Who believes in devolution? Consequence of breakdown between DUP and Sinn Fein is unionism and nationalism both embracing 'devo-scepticism'
"Those who cannot remember the past are condemned to repeat it." It looks as if Northern Ireland politics could be teetering on the edge of proving the saying true.
One consequence of the continuing breakdown in relationships between the DUP and Sinn Fein, is that both unionism and nationalism seem to be embracing 'devo-scepticism'. Whether it's the implication that many unionists are considering the merits of Direct Rule, or Gerry Adams declaring that "we can't work with the DUP", scepticism regarding devolution seems to be becoming entrenched in both unionism and nationalism.

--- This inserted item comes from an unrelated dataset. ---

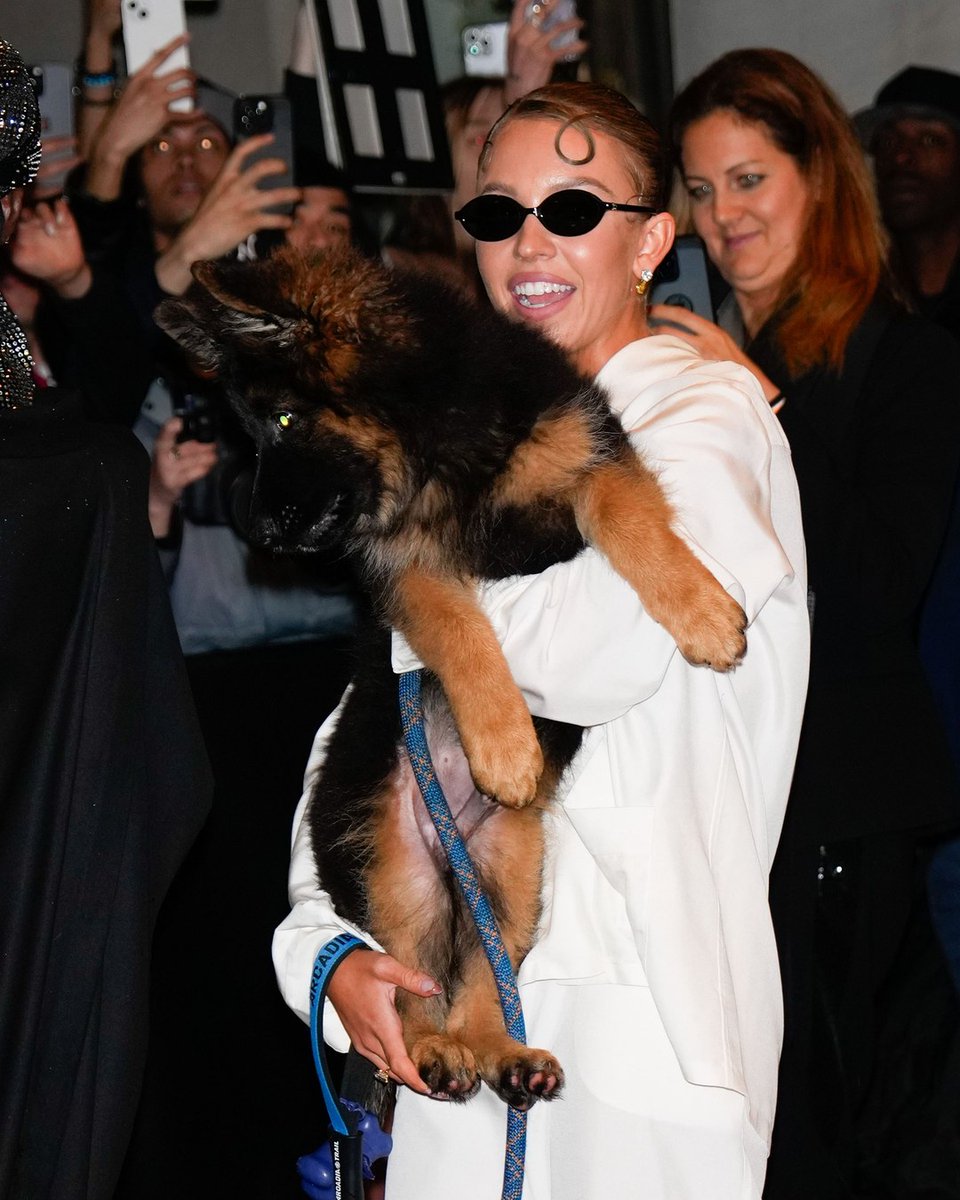markolukac's tweet photo. Sydney Sweeney i štencić Sully Bear 🐕 U gužvi: kratak povodac, fokus na psa, čip + kontakt. Za rast — K-9 Losos Puppy 2 kg. https://t.co/RTpcrrgcRZ #psi #SullyBear #K9Hrvatska https://t.co/vwdpOFZilt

What makes this odd is that both unionism and nationalism have historically recognised the need for devolution.
Ever since the old Stormont Parliament was prorogued in 1972, unionism sought the restoration of devolved structures. It did so on the basis of both political philosophy and hard political reality. There was the conviction that devolution - a regional parliament and executive accountable to the people of Northern Ireland - were necessary for the region to flourish, rather than being governed remotely from Westminster. Almost every policy paper produced by the various unionist parties since 1972 included a statement of belief in the need for devolution.

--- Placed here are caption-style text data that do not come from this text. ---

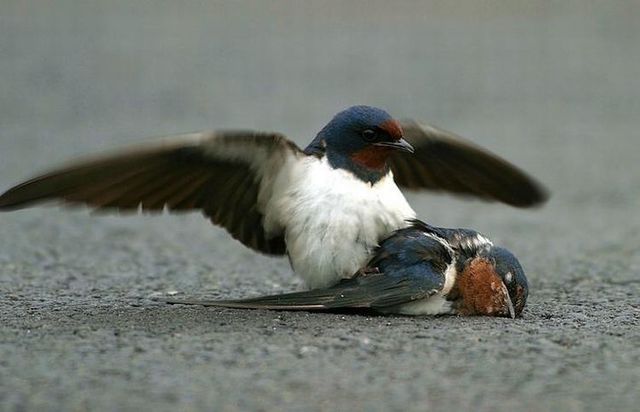 Story of a poor birdie (13 pics)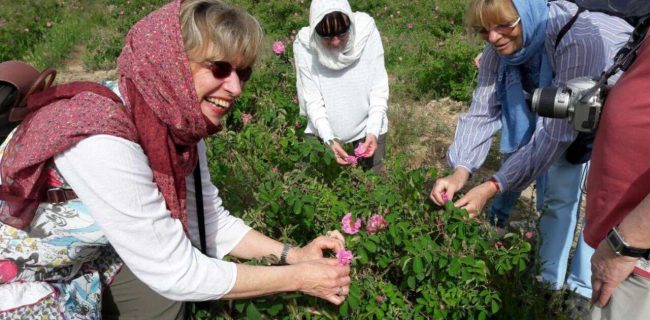 کشاورزی چگونه جاذبه گردشگری شود؟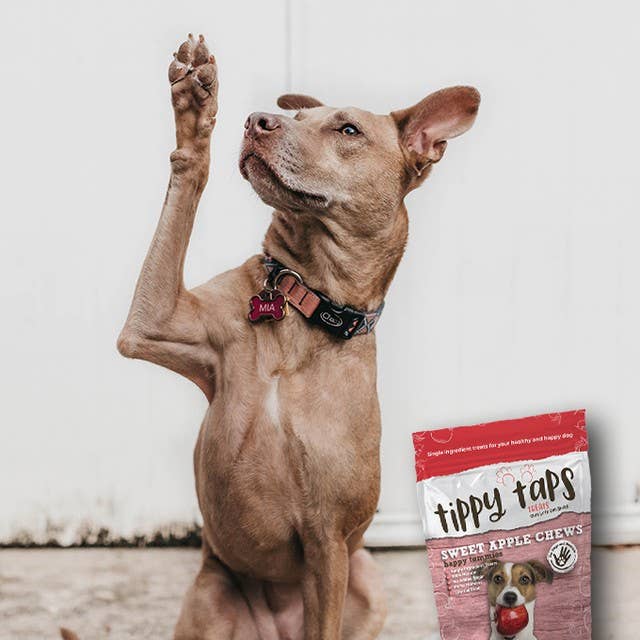 Tippy Taps Treats - Wholesale Pet Treats - Dog - Natural Dog Treats, Sweet Apple Chews 100gr, Vegan Gluten Fr2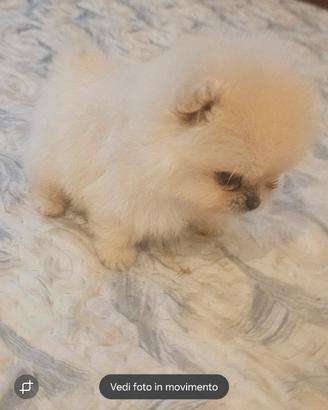Spitz di pomerania
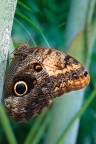 Caligo sp. - testa di gufo Caligo sp. - testa di gufo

There was also pragmatism. If unionists wanted influence, real political influence to shape the destiny of Northern Ireland, this required regional government.
We need to hear this two-fold case being made much more robustly and confidently by political unionism. The apparent flirtation with direct rule is bad politics - in both tactical and strategic terms. It foolishly - and inaccurately - suggests to unionists that there is another, better alternative to power-sharing regional government. And it becomes a self-fulfilling prophecy, further undermining confidence amongst pro-Union voters in the devolved institutions.
This is a case of political talk being anything but cheap. Collapsing political institutions is no mere temporary act, easily undone when your short-term political aims have been achieved. I was just born when the old Stormont parliament was prorogued in 1972. I was a 35 year old member of the Assembly when devolution was restored on an apparently stable basis in 2007. The years in-between were marked by division, violence, and chronic instability.
But what, then, of nationalism? Despite appearances, there is much more significant common ground between unionism and nationalism on devolution than the current situation points to.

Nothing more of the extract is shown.